Tom Hanks was wrong.

There is crying in baseball.

'Next Year' has arrived in Chicago.

At 12:47 a.m., the Chicago Cubs ended 108 years of misery, finally winning a World Series crown with a dramatic, 10-inning win over the Cleveland Indians.

Perhaps the only sad thing about the euphoria that is sweeping the Windy City is the remorse in Cleveland, which has its own long history of wandering in baseball's desert.

The Indians last won a title 68 years ago, in 1948.

But that pales next to what the Cubs' faithful endured.

Actually, there might be two sad things about the Cubs' monumental push to end the curse.

The second might be that if happened at quarter to one in the morning.

Then again, that is part of the magic of baseball, the muse that brings us back every winter, when teams make the trek to warmer climes in Florida and Arizona, the annual promise to winter-battered fans that better, warmer days lie ahead.

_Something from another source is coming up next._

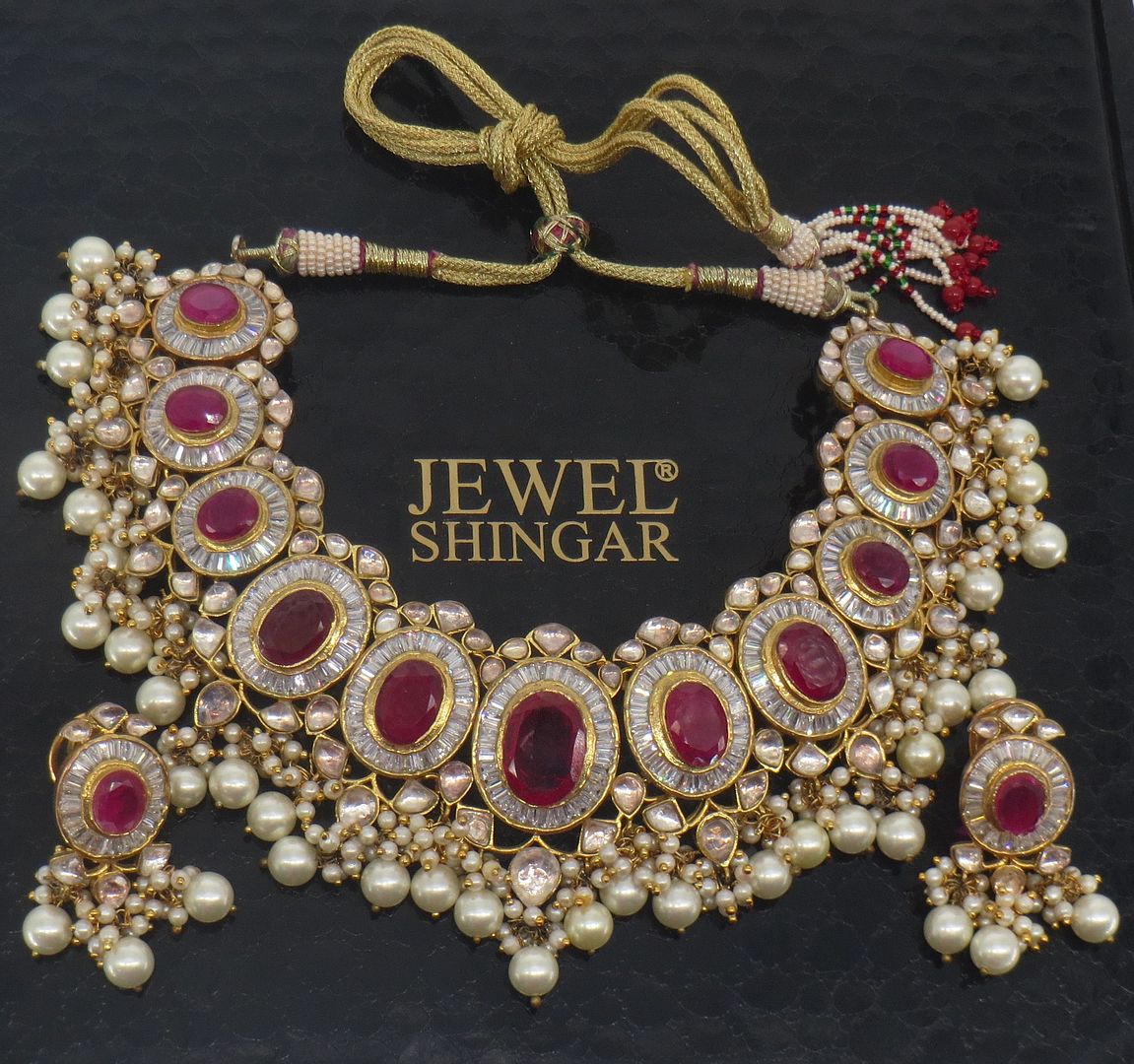 Jewelshingar Jewellery Gold Plated Diamond Colour Pink Polki Kundan Necklace For Women ( 60164ACS )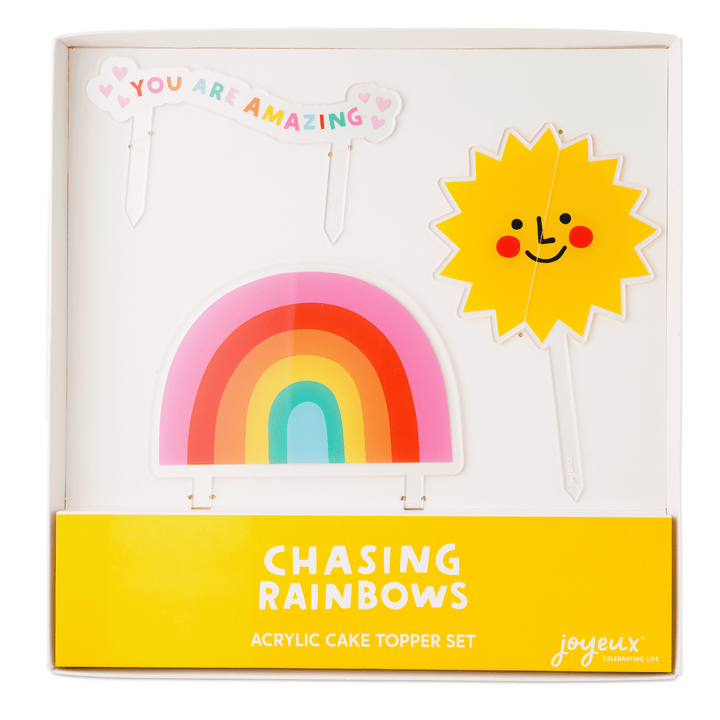 Chasing Rainbows Acrylic Cake Topper Set Bonjour Fete Party Supplies Cake Topper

Maybe it was appropriate that last night's game was extended by a brief, 17-minute rain delay, as well as extra innings.

After waiting 108 years, what's a few more minutes.

Unlike other sports, baseball is not confined to the whims of a clock. It moves at its own pace, a chess match played out in the minds of players, managers, and second-guessing fans.

You can't rush baseball.

They know a little bit about that in Chicago.

Rest easy, Cleveland, your turn will come. Just ask LeBron.

For now, the Cubs are the World Series champions, a phrase that has not been uttered in more than a century.

There is crying in baseball. Just ask anyone in Chicago today.